TASK STATEMENT
Everything from the line holding "Az AC Shadows" to the end of the listing below should be copied exactly, line for line, minus the pictures.

PROVIDED MATERIAL

*** Begin section ***

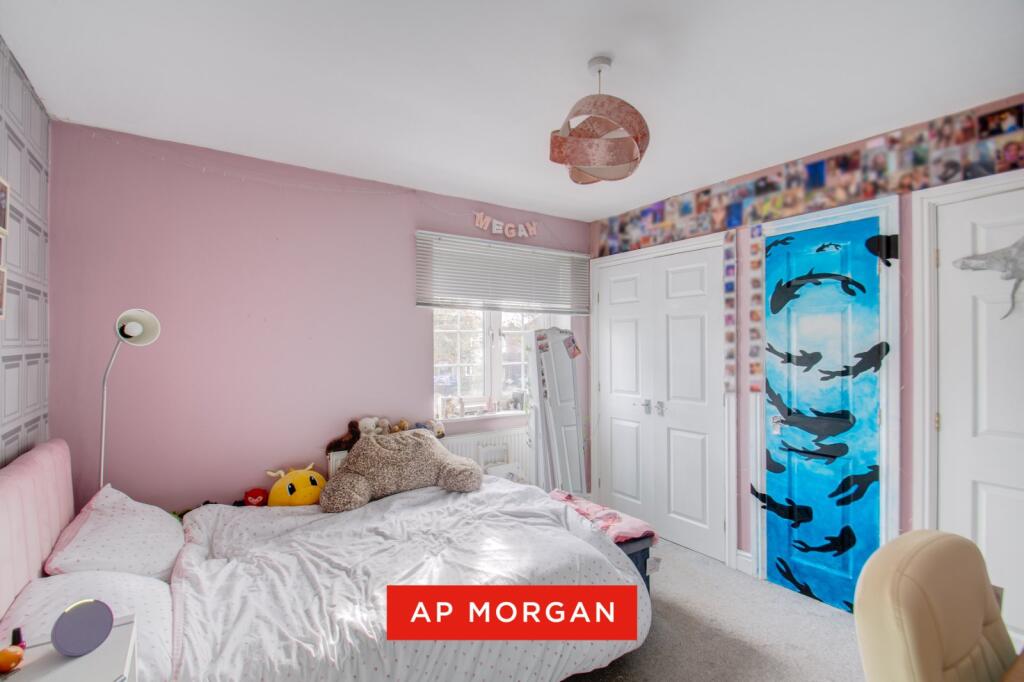 Additional image 15 of Golden Cross Lane, Catshill, Bromsgrove, Worcestershire, B61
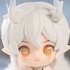 Nagi Trading Dolls Vol.3 Cub Study Tour Season: Silver Moon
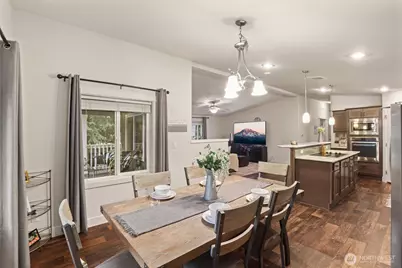 3616 234th Drive NE, Granite Falls, WA 98252 - Photo 17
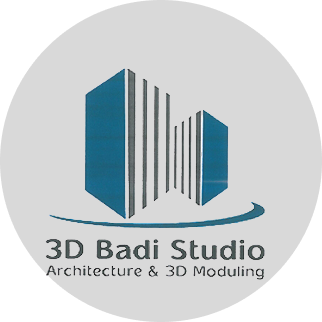 badivisuals.co.il
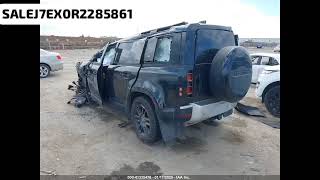 SALEJ7EX0R2285861 Water_flood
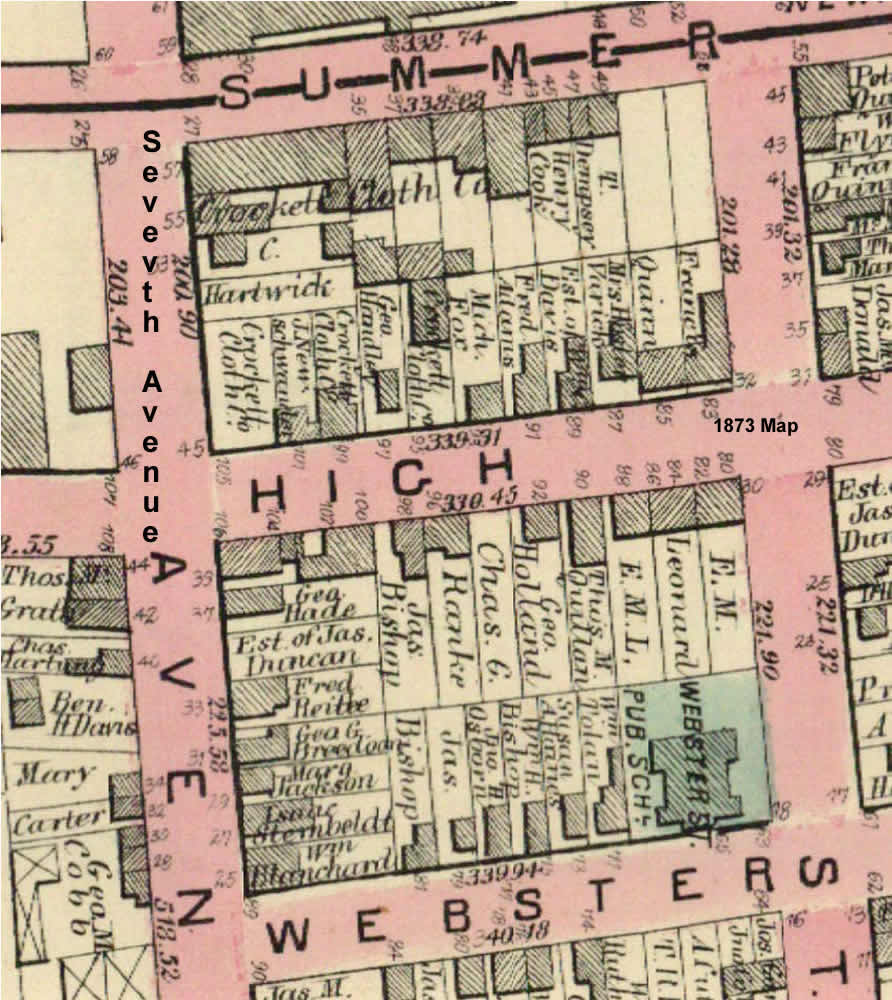 1873
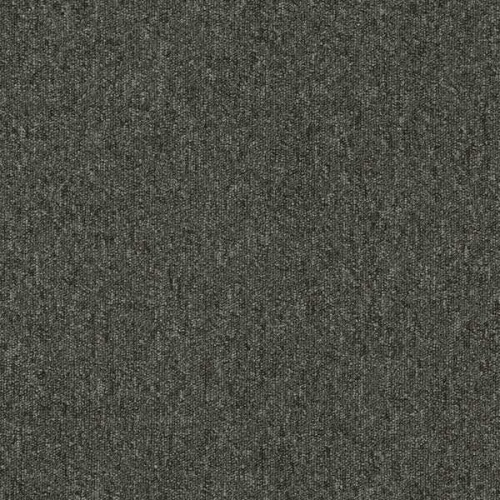 5114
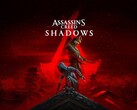 Az AC Shadows festői helyszínekkel rendelkezik, és a játékosok imádják (Kép forrása: Ubisoft)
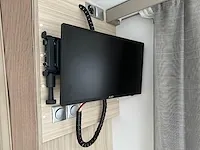 Fiat ducato adria coral compact sc plus 140pk 2020 camper - afbeelding 53 van  94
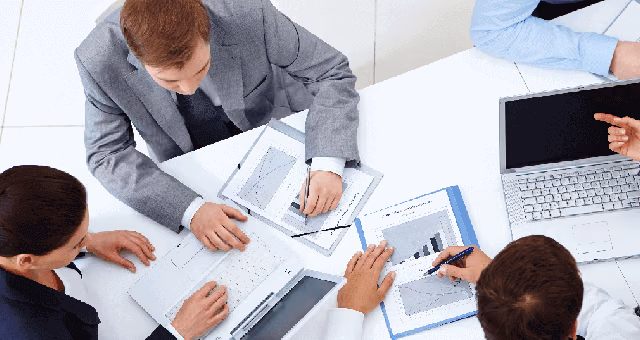 7 benefits implementing service level management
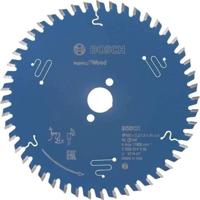 Cirkelzaagbl.Wood 160x20x2,2 48T Festo - thumbnail
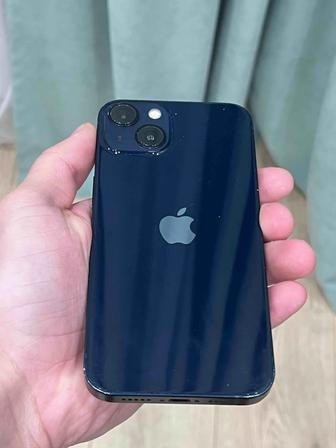 iPhone 13 б/у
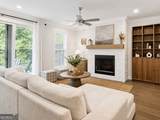 204 Wheatland Road - Photo 14
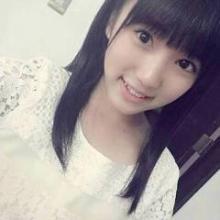 ✔️矢吹奈子〔なりきり〕のトーク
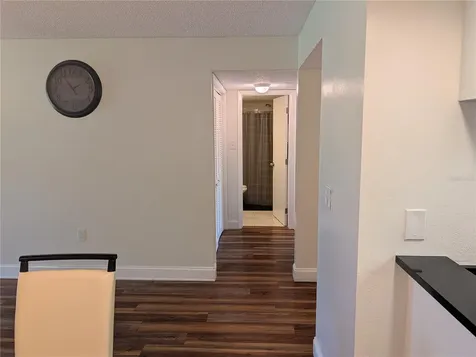 209 Mary Drive Oldsmar FL 34677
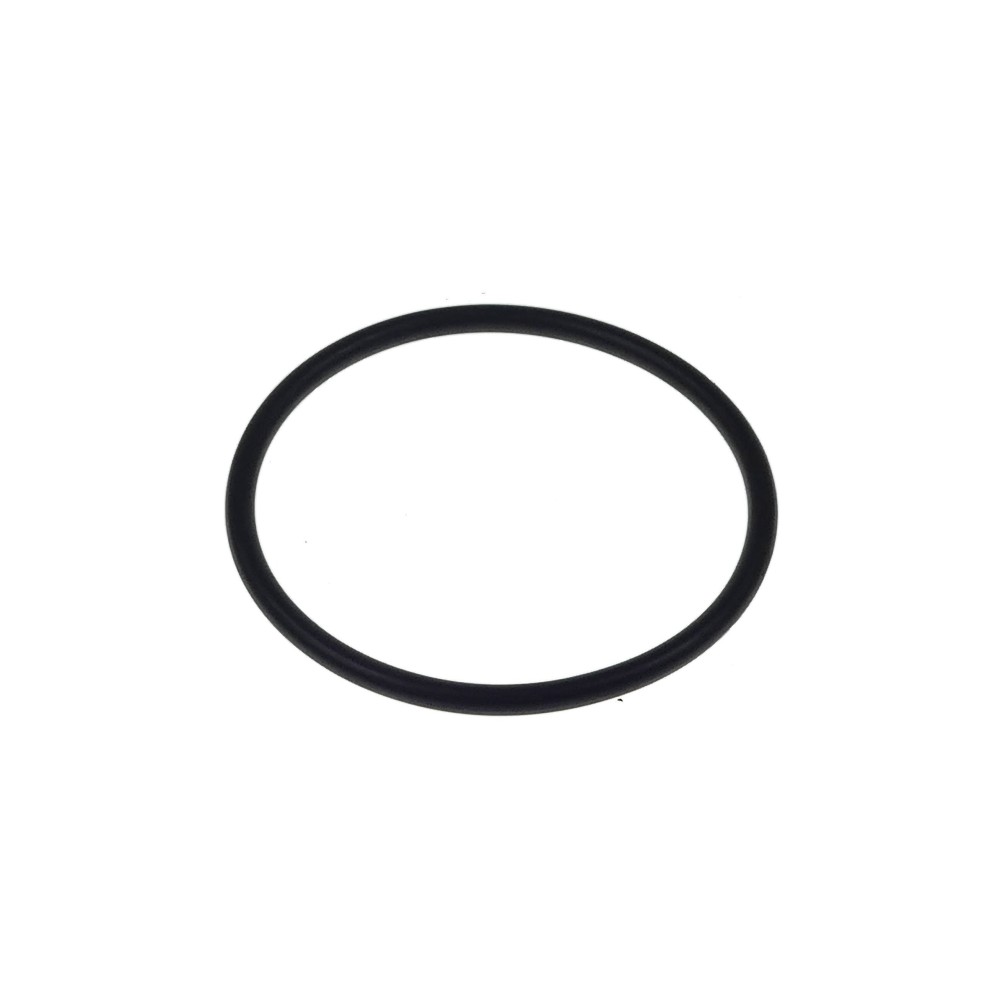 TĚSNĚNÍ O-RING CATERPILLAR 428D 438C 527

*** End section ***

RESPONSE TO THE TASK
 Az AC Shadows festői helyszínekkel rendelkezik, és a játékosok imádják (Kép forrása: Ubisoft)
 Fiat ducato adria coral compact sc plus 140pk 2020 camper - afbeelding 53 van  94
 7 benefits implementing service level management
 Cirkelzaagbl.Wood 160x20x2,2 48T Festo - thumbnail
 iPhone 13 б/у
 204 Wheatland Road - Photo 14
 ✔️矢吹奈子〔なりきり〕のトーク
 209 Mary Drive Oldsmar FL 34677
 TĚSNĚNÍ O-RING CATERPILLAR 428D 438C 527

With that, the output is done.